See also Alexander, 669 So.2d at 42; Attorney R., 649 So.2d at 824-25. Another set of criteria which this Court considers when determining sanctions for misconduct originates from the American Bar Association's guidelines, specifically Standard 3.0 which contemplates:

(1) the duty violated;

(2) the lawyer's mental state; and

(3) the actual or potential injury resulting from the misconduct, and the existence of aggravating or mitigating factors.

Alexander, 669 So.2d at 42; L.S. v. Mississippi Bar, 649 So.2d 810, 815 (Miss.1994) (quoting Mississippi Bar v. Attorney ST, 621 So.2d 229, 233 (Miss.1993)).

¶10 We recognize the seriousness of commingling personal funds with those of the client. We are considerably persuaded in the present case, however, by the observations of the amici curiae appointed by the United States Court of Appeals for the District of Columbia Circuit. They note that the record reveals no evidence that Pels engaged in any dishonesty, misrepresentation to his client, lying to the disciplinary authorities, or systematic diversion of his client's funds for personal purposes. Conduct of this egregious nature has been present in virtually all misappropriation cases where this Court has concluded that disbarment was necessary. See, e.g., Clark v. Mississippi State Bar Ass'n, 471 So.2d 352, 354 (Miss.1985) (attorney withdrew and spent funds from conservatorship's savings account then filed reports reflecting balance in account when no account existed); Gex, 656 So.2d at 1125-26 (attorney misrepresented his authority to cancel deed of trust in return for payoff when in fact he had assigned his interest in the deed to a third party; he then received and used the payoff funds for personal expenses); Haimes v. Mississippi Bar, 601 So.2d 851, 852-53 (Miss.1992) (attorney transferred $5000.00 belonging to guardianship of incompetent to personal account and paid himself unauthorized "fees" for services rendered).

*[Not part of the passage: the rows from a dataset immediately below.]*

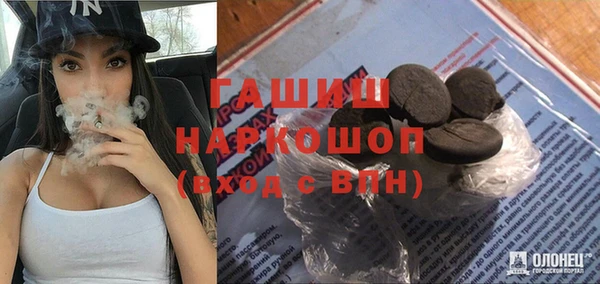 ПСИЛОЦИБИНОВЫЕ ГРИБЫ Арсеньев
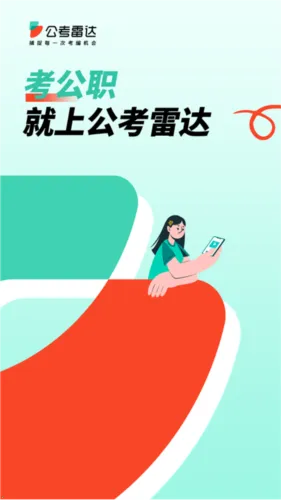 公考雷达(公职选岗APP) 公考雷达(公职选岗APP)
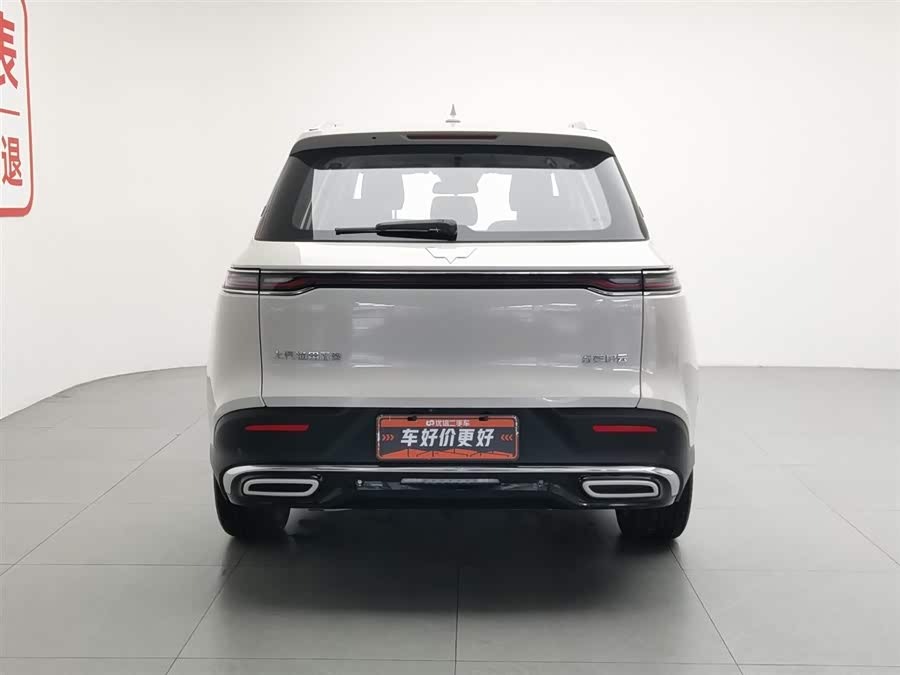 Wuling Xingyun 2023 2.0L DHT Flagship - zdjęcie 4
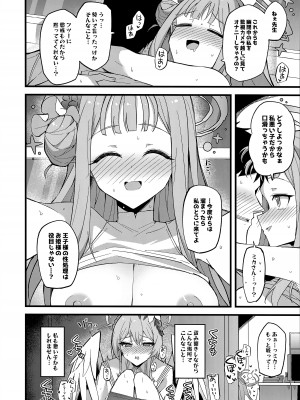 (C101) [みらくるバーン (比宮じょーず)] 慈悲をくれた貴方と (ブルーアーカイブ)_25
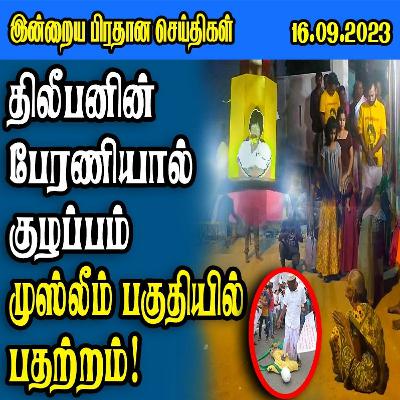 இன்றைய பிரதான செய்திகள் - 16.09.2023 இன்றைய பிரதான செய்திகள் - 16.09.2023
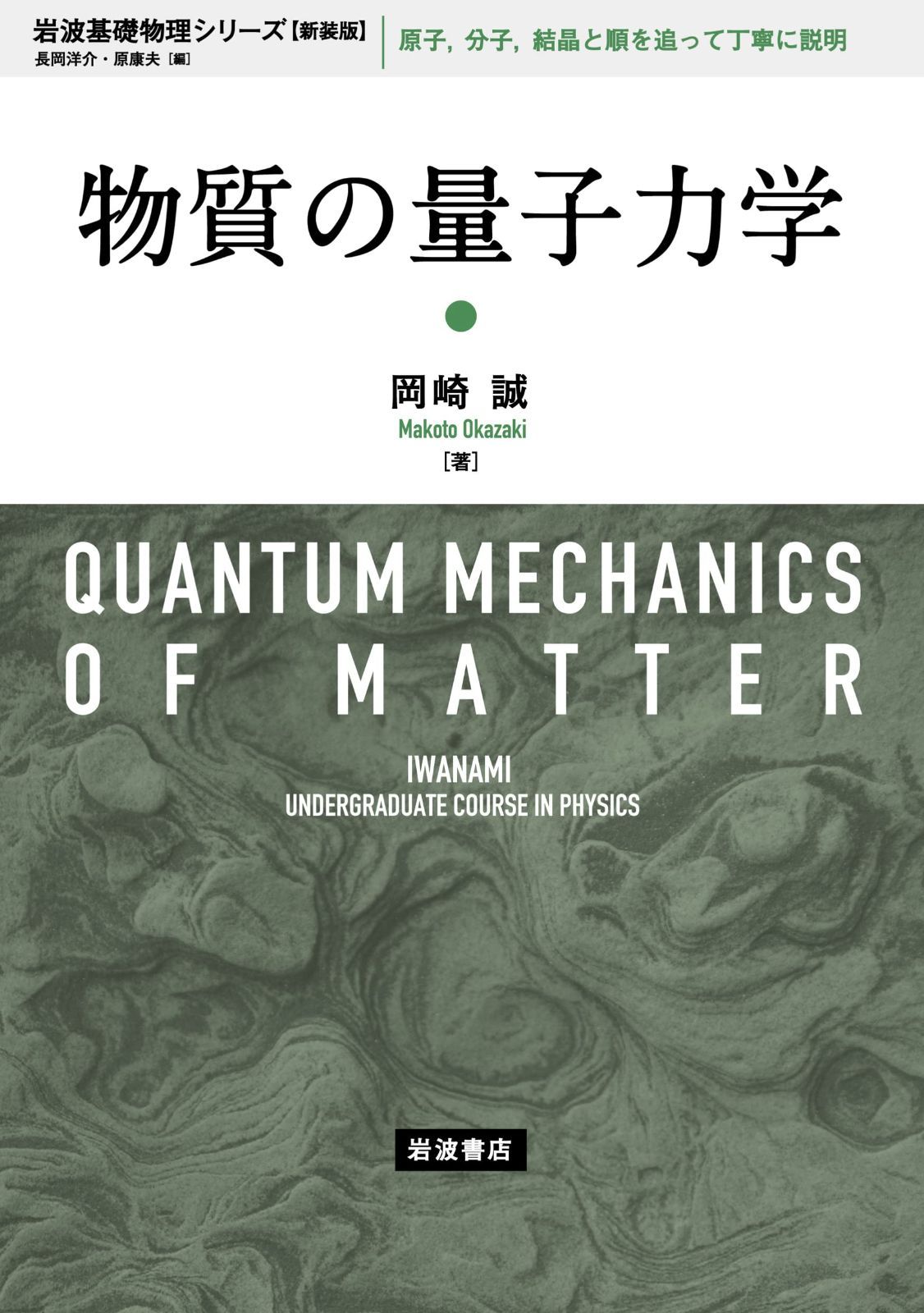 物質の量子力学 (岩波基礎物理シリーズ 新装版)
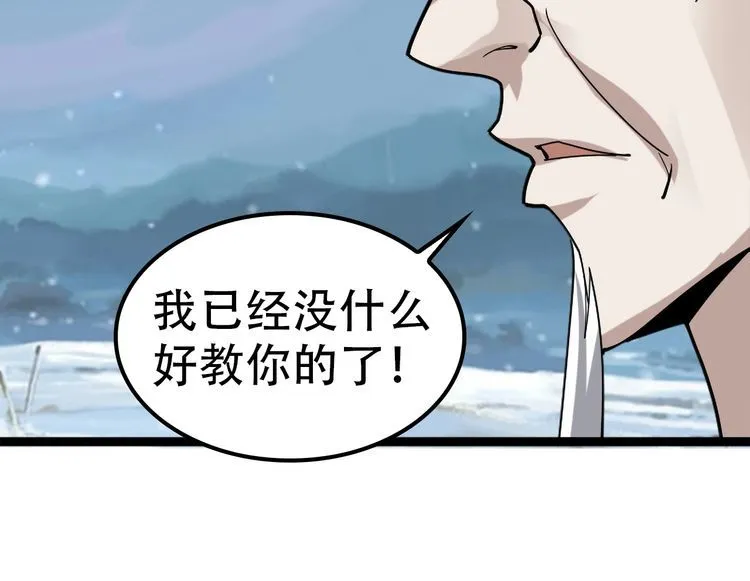 第100话“脱胎换骨” 第100页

¶11 The amici note that within days of receiving a settlement check, Pels sent his client the full amount to which she was potentially entitled under the original retainer agreement. See Pels, 653 A.2d at 390. He voluntarily waived $300.00 of his fee and $500.00 of his administrative costs because he apparently thought that would be fair. Id. After paying two of the medical care providers promptly, Pels...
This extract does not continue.